La Justicia de Paz de Lamarque resolvió prohibir todo tipo de contacto, incluidas las redes sociales, a un hombre que intimida a una mujer en la vía pública. El caso se tramitó con perspectiva de género amparado en el Código Contravencional de Río Negro y tratados internacionales.
Lo que debía ser el tránsito habitual por las calles de su localidad se transformó en una situación de angustia e inseguridad para una mujer del Valle Medio rionegrino. Según relató la víctima, un hombre la interceptaba de manera recurrente con conductas y expresiones de connotación sexual, vulnerando su dignidad y limitando su derecho a circular libremente.
Ante la escalada de este hostigamiento, que dejó de ser un hecho aislado para convertirse en una alteración de su vida diaria, la mujer acudió a la Comisaría 17ª de Lamarque para radicar la denuncia. Las actuaciones fueron remitidas al Juzgado de Paz local, donde la magistrada, tras analizar el caso y escuchar al denunciado en audiencia, dispuso una medida de prohibición de acercamiento y de contacto por cualquier medio. La restricción es absoluta y abarca también las comunicaciones a través de redes sociales y otras plataformas digitales.

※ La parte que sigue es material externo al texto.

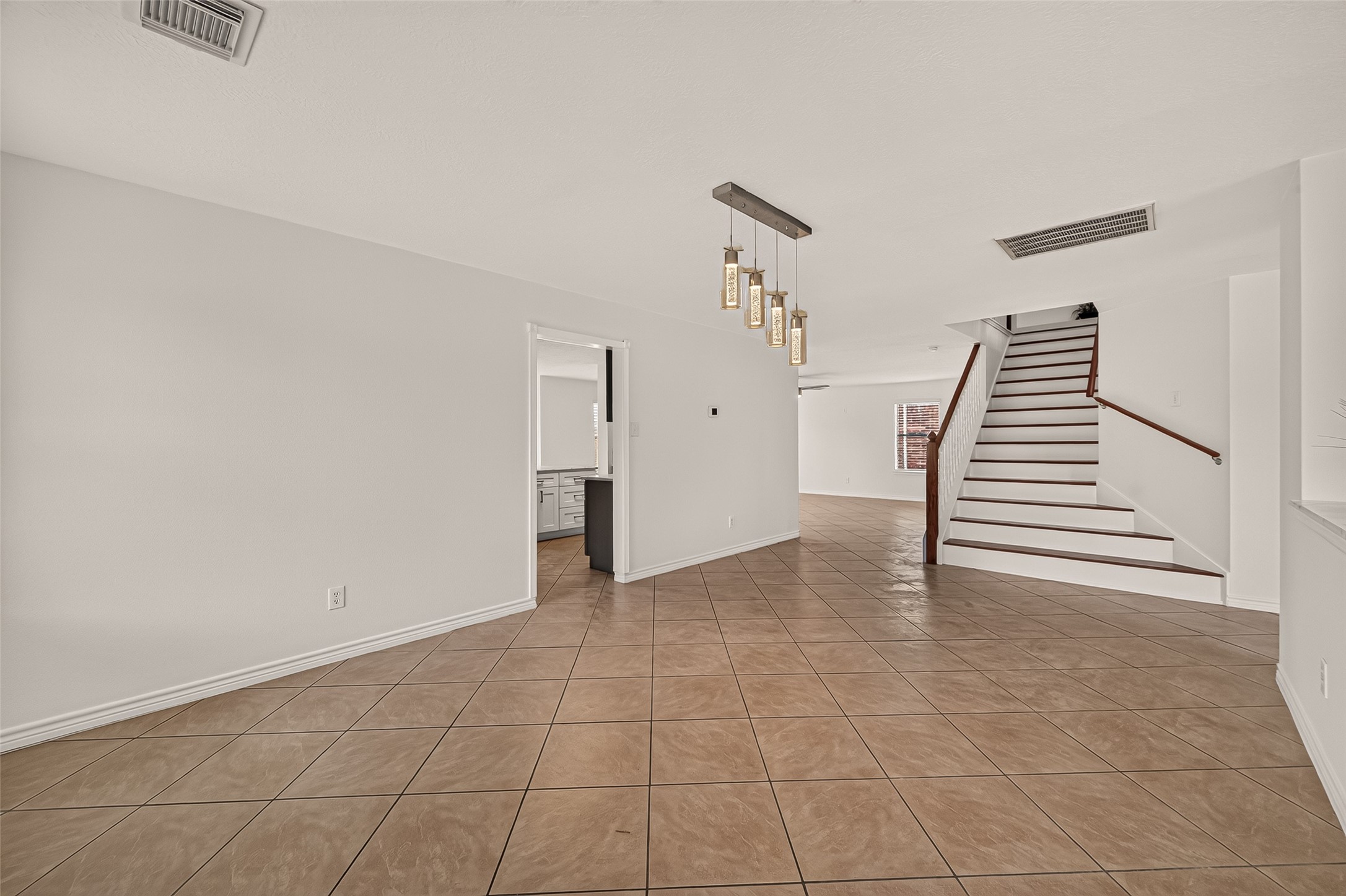 From the dining room, the open layout flows toward the living area, while the pendant lights and staircase add character to the space.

El expediente se tramitó como una infracción al artículo 44 del Código Contravencional de Río Negro, la norma específica que sanciona el acoso callejero en la provincia. La legislación considera punibles aquellas conductas físicas o verbales, de naturaleza o connotación sexual, que se realizan en espacios públicos o de acceso público cuando afectan la dignidad o los derechos fundamentales de otra persona, generando intimidación, hostilidad, degradación o humillación.

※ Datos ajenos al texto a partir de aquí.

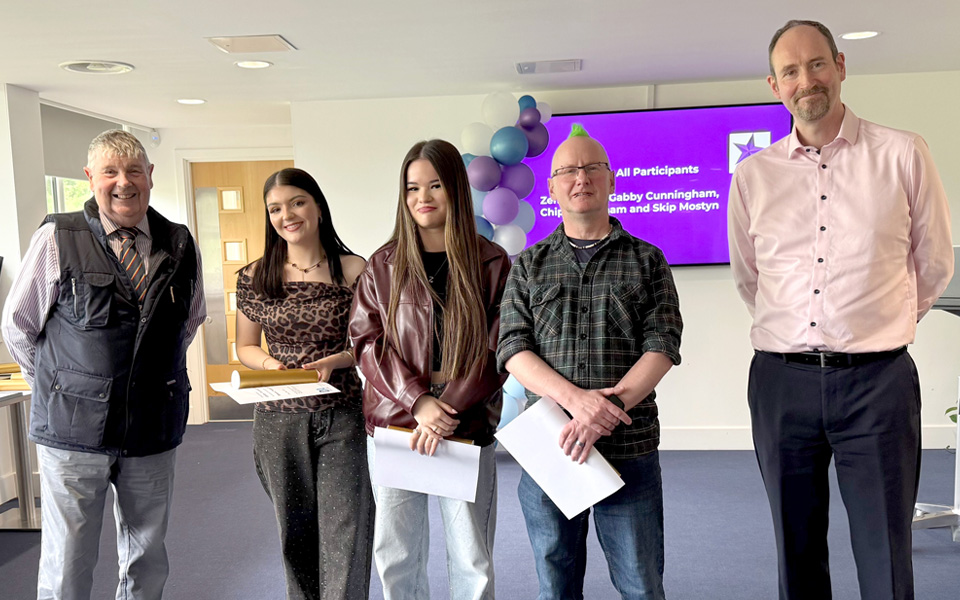 Students holding certificates with two members of the Bakers Trade of Dundee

Durante la audiencia, el hombre no presentó pruebas que desvirtuaran los hechos denunciados por la mujer. Por el contrario, asumió en forma voluntaria el compromiso ante la Justicia de evitar cualquier tipo de contacto y de mantener la distancia necesaria en caso de volver a cruzarse con la víctima en la localidad, con el objetivo de prevenir nuevos episodios de violencia.
Perspectiva de género
Un aspecto destacable de la resolución es la aplicación de la perspectiva de género en el análisis de los hechos. La jueza de Paz fundamentó su decisión recordando que la protección de las mujeres frente a situaciones de violencia es un mandato ineludible.
En su resolución, la magistrada citó el marco normativo que ampara esta protección, el cual surge de tratados internacionales como la Convención sobre la Eliminación de Todas las Formas de Discriminación contra la Mujer (CEDAW) y la Convención de Belém do Pará. Asimismo, la decisión se encuentra respaldada por la Ley Nacional 26.485 de Protección Integral a las Mujeres y por la Acordada 6/2023 del Superior Tribunal de Justicia de Río Negro, que obliga a los operadores de justicia a intervenir con esta perspectiva para garantizar el acceso a una vida libre de violencias.